Comparison of results#

The performance of timflow with two datasets simultaneously was evaluated by comparison with AQTESOLV (Duffield, 2007), and MLU (Carlson and Randall, 2012). Results from timflow with added wellbore storage and MLU are identical, while those from AQTESOLV show small deviations.

Hide code cell source

t = pd.DataFrame(
    columns=["k [m/d]", "Ss [1/m]", "RMSE [m]"], index=["timflow", "AQTESOLV", "MLU"]
)

t.loc["timflow"] = np.append(cal.parameters["optimal"].values, cal.rmse())
t.loc["MLU"] = [38.094, 1.193e-06, 0.259]
t.loc["AQTESOLV"] = [37.803, 1.356e-06, 0.270]
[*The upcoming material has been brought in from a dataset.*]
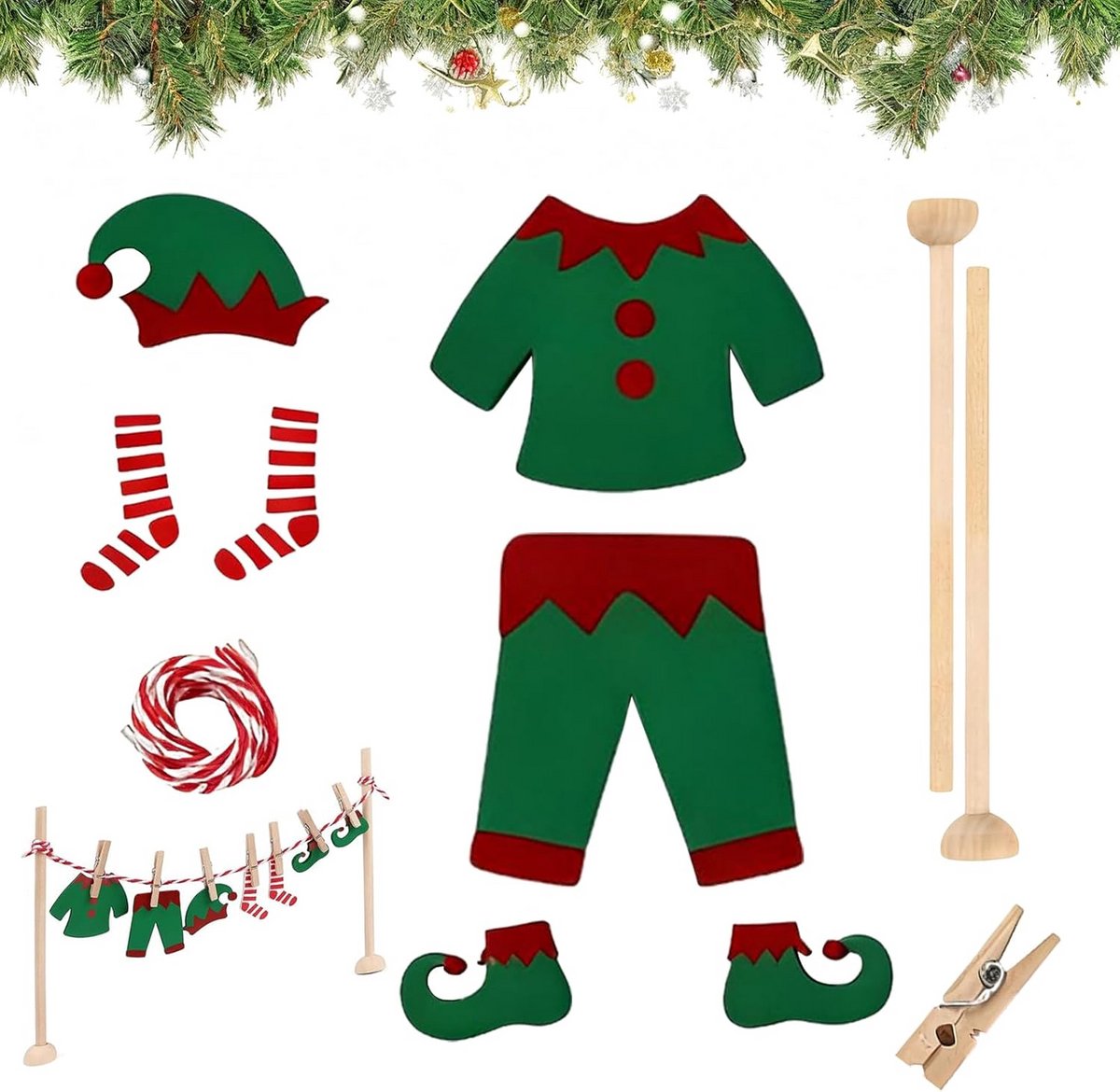 Miniatuur Elfen Wasklijn Set: 17-delige Houten Kerstdecoratie voor Poppenhuis en Kerstdorp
t_formatted = t.style.format(
    {"k [m/d]": "{:.2f}", "Ss [1/m]": "{:.2e}", "RMSE [m]": "{:.2f}"}
)
t_formatted
  k [m/d] Ss [1/m] RMSE [m]
timflow 38.09 1.19e-06 0.26
AQTESOLV 37.80 1.36e-06 0.27
MLU 38.09 1.19e-06 0.26

References#

  • Carlson, F. and Randall, J. (2012), MLU: a Windows application for the analysis of aquifer tests and the design of well fields in layered systems, Ground Water 50(4):504–510

  • Duffield, G.M. (2007), AQTESOLV for Windows Version 4.5 User’s Guide, HydroSOLVE, Inc., Reston, VA.

  • Walton, W.C. (1962), Selected analytical methods for well and aquifer evaluation, Illinois, department of Registration & Education.bulletin 49.